Since then he has made several claims of being Satoshi and has re-surfaced with new possible evidence that supposedly proves his identity. The crypto community, however, wasn’t too convinced with Wright and has lashed back at him.
Wright has also sued popular cryptocurrency podcaster Peter McCormack, who accused him of fraud and making false claims of being Satoshi Nakamoto. He even claimed for £100,000 (over $130,000) in damages and legal costs and court fees.
The self-proclaimed inventor of Bitcoin has also been involved in an on-going case with David Kleiman. Wright has been sued by Ira Kleiman – the brother of Wright’s late business partner Dave Kleiman – for $10 billion, alleging that Wright was trying to seize Dave’s Bitcoin holdings from when they were mining together.
David Kleiman and Wright had allegedly mined 1.1 million Bitcoin together, which Wright entrusted to the ‘Tulip Trust.’ Now Kleiman is looking to get half of that back for his brother’s estate, as Wright alleges it is inaccessible. He had previously agreed to pay the dues and had also requested an extension of the deadline to October but broke the settlement later.

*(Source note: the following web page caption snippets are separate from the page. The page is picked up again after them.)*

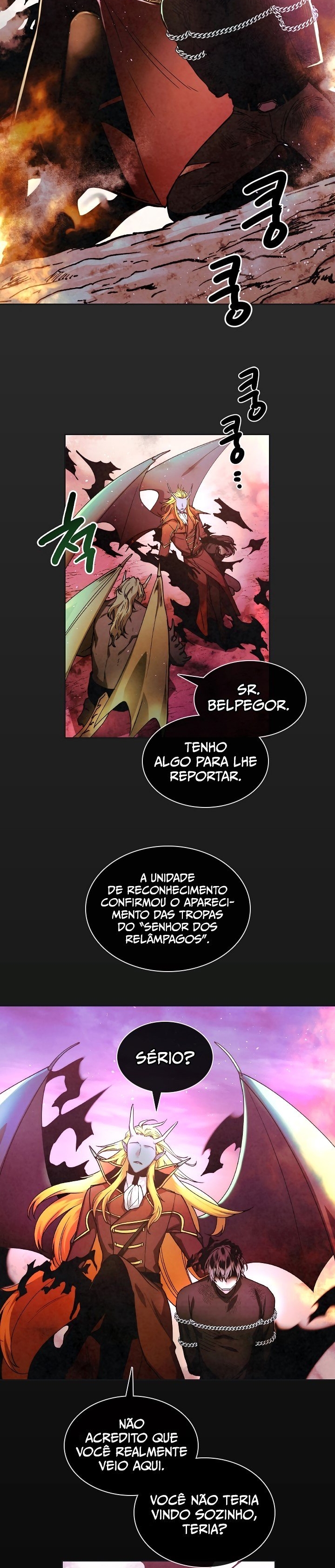 Cap 0 página 4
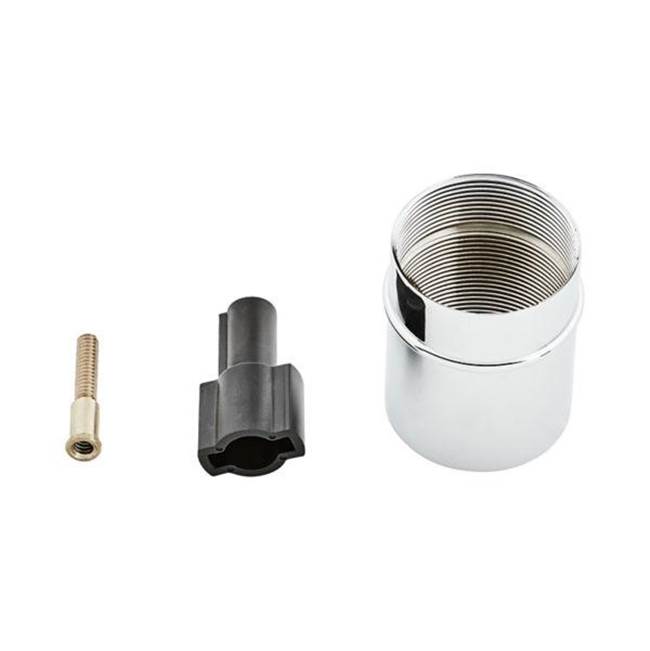 Pfister  Faucet Parts item 910-563A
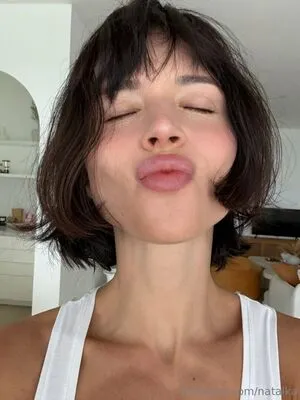 Natalka OnlyFans Leaked Free Thumbnail Picture - #guJ4diEN6e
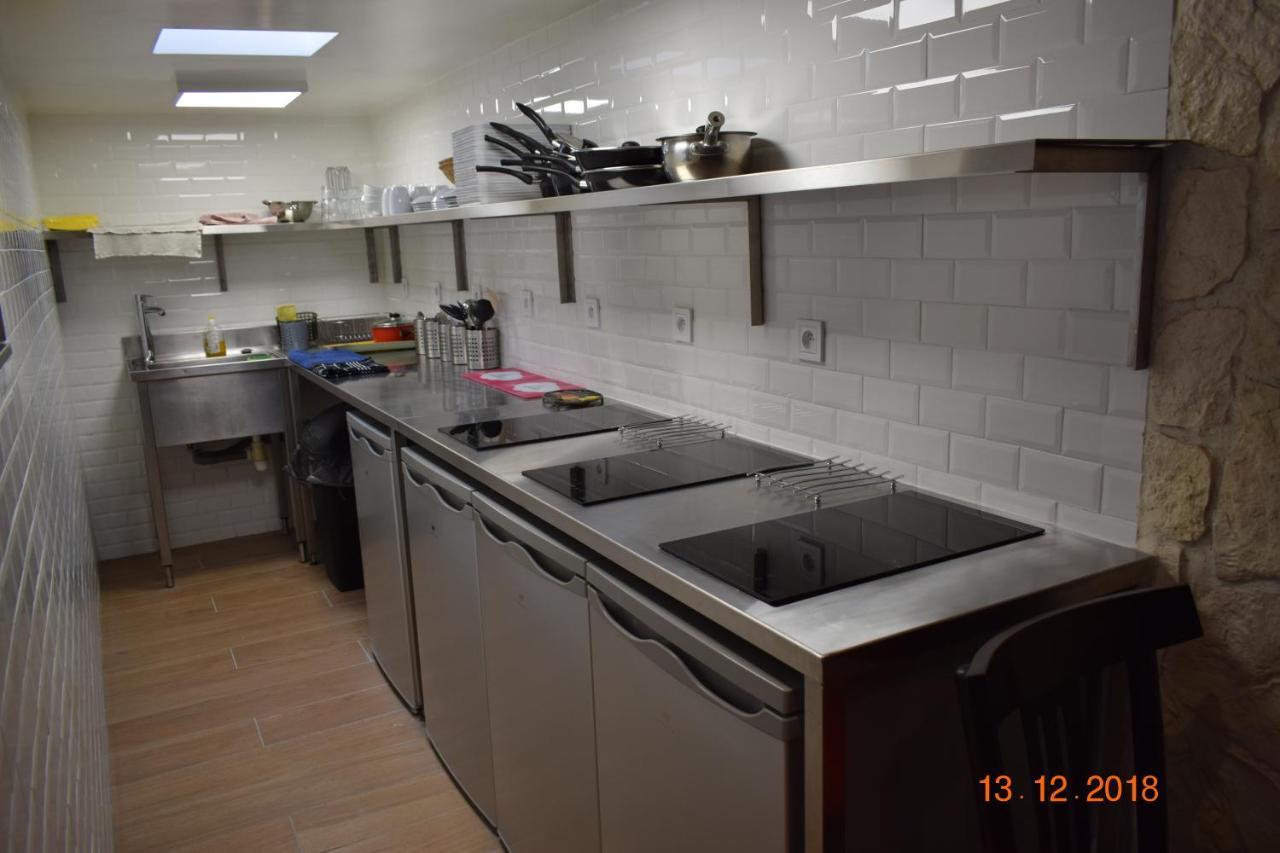 Hotel Lyonnais Nice Bagian luar foto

However, documents from The Tulip Trust contract that surfaced and is allegedly signed and written by David Kleiman on June 9, 2011, states that On January 1st, 2020, Wright would supposedly receive the private keys from a bonded courier, for a wallet that contain close to 1.1 million Bitcoins or $8 billion worth of BTC at the time of writing.

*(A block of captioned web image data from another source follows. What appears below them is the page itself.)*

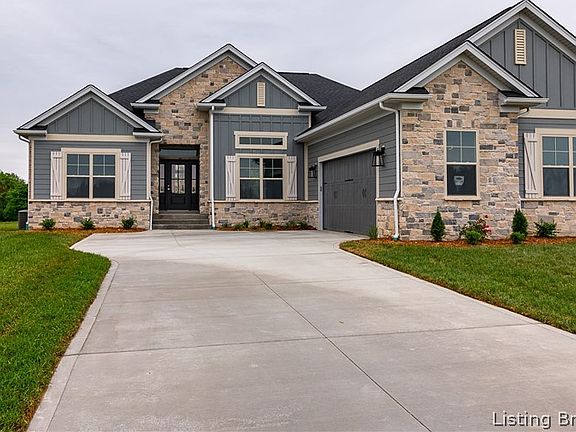 2nd image of 1861 Augusta Boulevard Lot 293
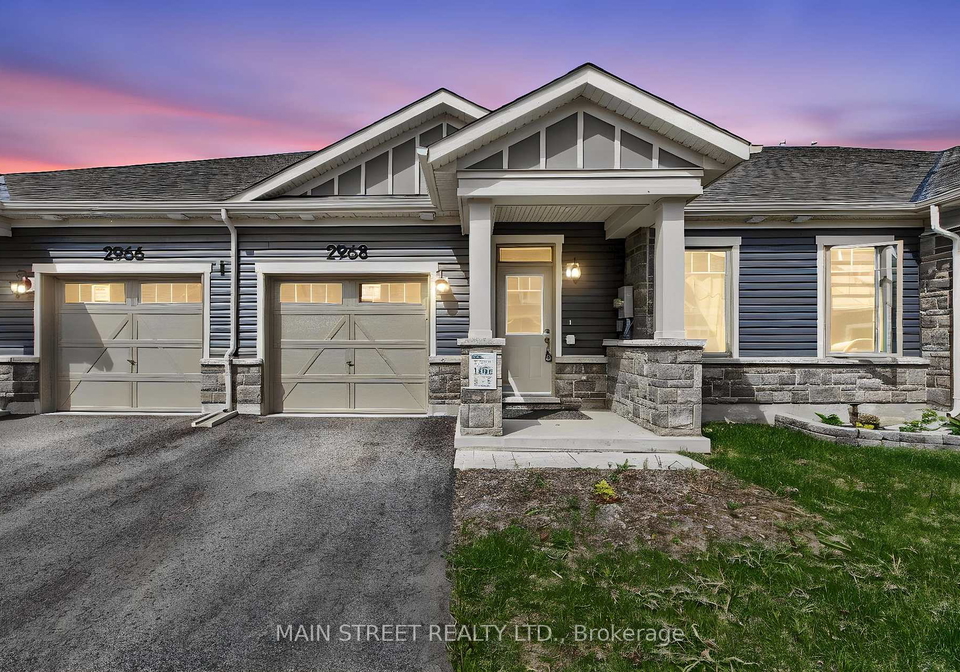 2968-murphy-place-innisfil-ontario-n13657152
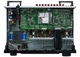 AV-ресивер Denon AVR-S 750H (7.2 ch) - изображение 2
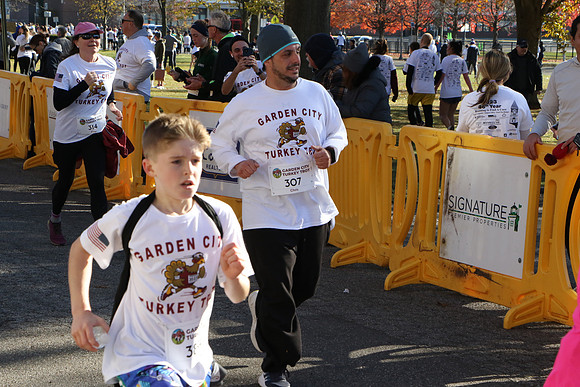Finish5mile__2715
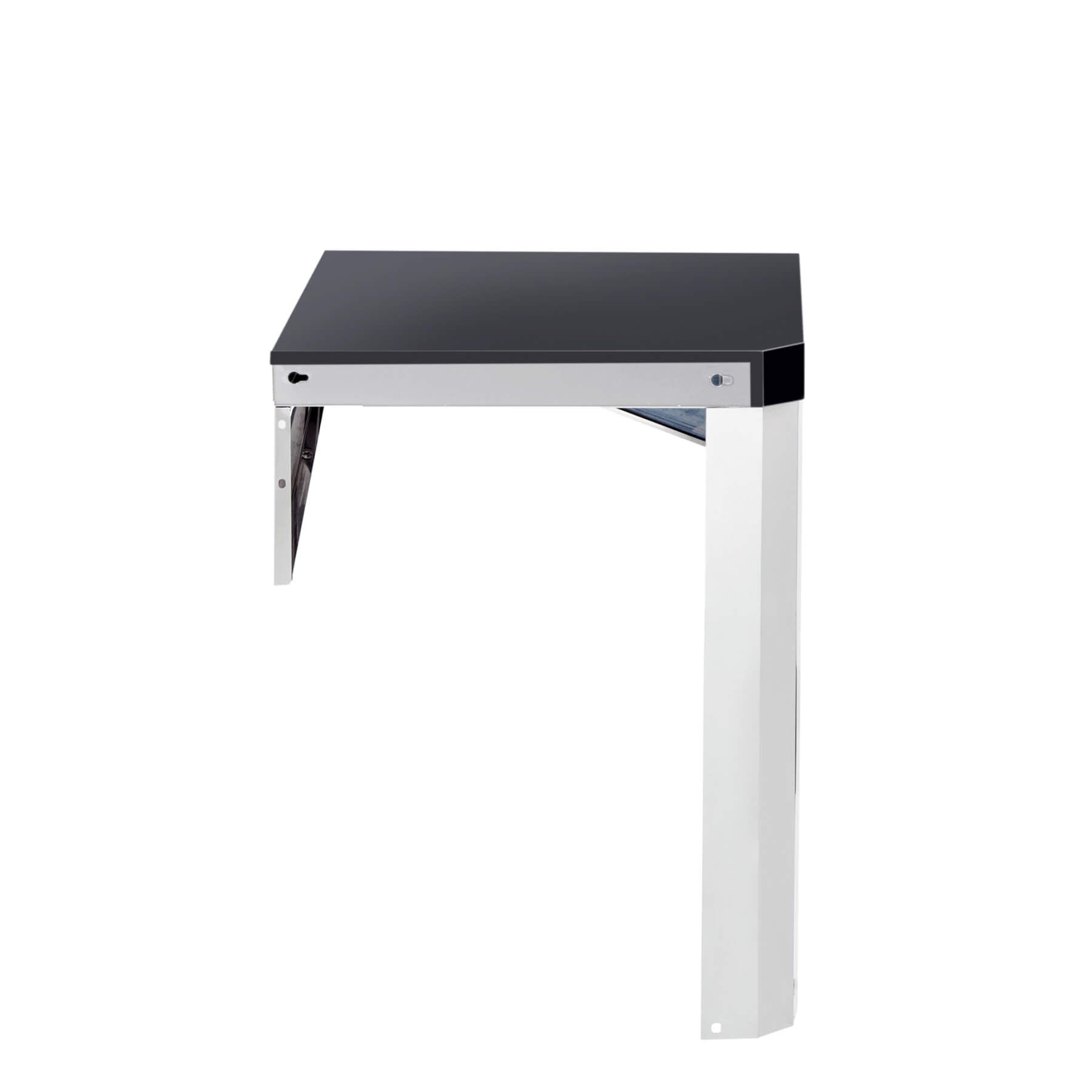 ALL'GRILL Modul 12 - 90 Grad Ecke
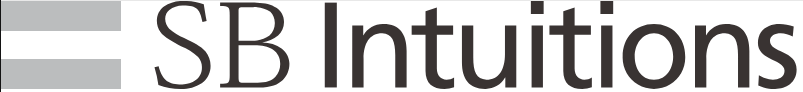 SB Intuitions logo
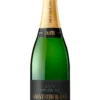 Cava Amat & Roland Brut Reserva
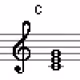 Crypto Chords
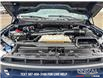 2023 Ford F-150 Lariat (Stk: U37450) in Red Deer - Image 10 of 25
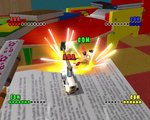 Hot Micro Machines V4 Video Action News image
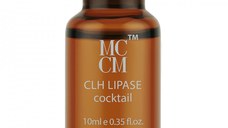 MCCM Fiola fermizanta pentru remodelare corporala CLH 10ml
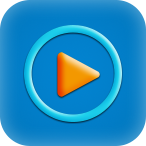 PFM906 Video Player Icon.png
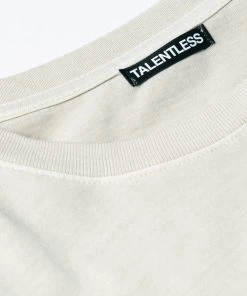 MASSIVE Best Sellers MENS LONG SLEEVE TEE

The documents stated that Kleiman allegedly “formed a trust,” and had “full control of all the software and keys to manage the bitcoin.” The Tulip Trust document describes a trust fund that’s ostensibly held in Seychelles and contains approximately 1,100,111 BTC.
When Wright was asked to disclose the public addresses he owned prior to December 31, 2013. He told the court that because the Tulip Trust is split into multiple keys, he cannot decrypt his file until he gets access to his key in 2020.

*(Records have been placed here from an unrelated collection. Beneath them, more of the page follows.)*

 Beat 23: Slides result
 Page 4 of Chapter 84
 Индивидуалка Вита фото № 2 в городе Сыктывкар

Later on, in a statement to Bloomberg News, Wright now claims that he “cannot be certain that information will in fact arrive.”
The on-going lawsuit is yet to be resolved and Wright is set to give his next deposition on January 14 – 15. If Wright does get access to this private key he would own $8 billion worth of BTC. Many investors are concerned that if the coins are dumped, it could gravely affect the market.
The BSV community, on the other hand, believes that the Tulip Trust is going to bolster BSV development and the firm Nchain.
Wright, however, told Bloomberg:
“I do not intend to dump my family’s BTC as some people suspect or want, as this would hurt many people in the industry.”
This might finally be the time when we get to know if Craig Wright is actually the inventor of Bitcoin or he was bluffing all this time. The next few steps following this case would be an interesting watch as this could also be Wright’s last chance to prove himself in court.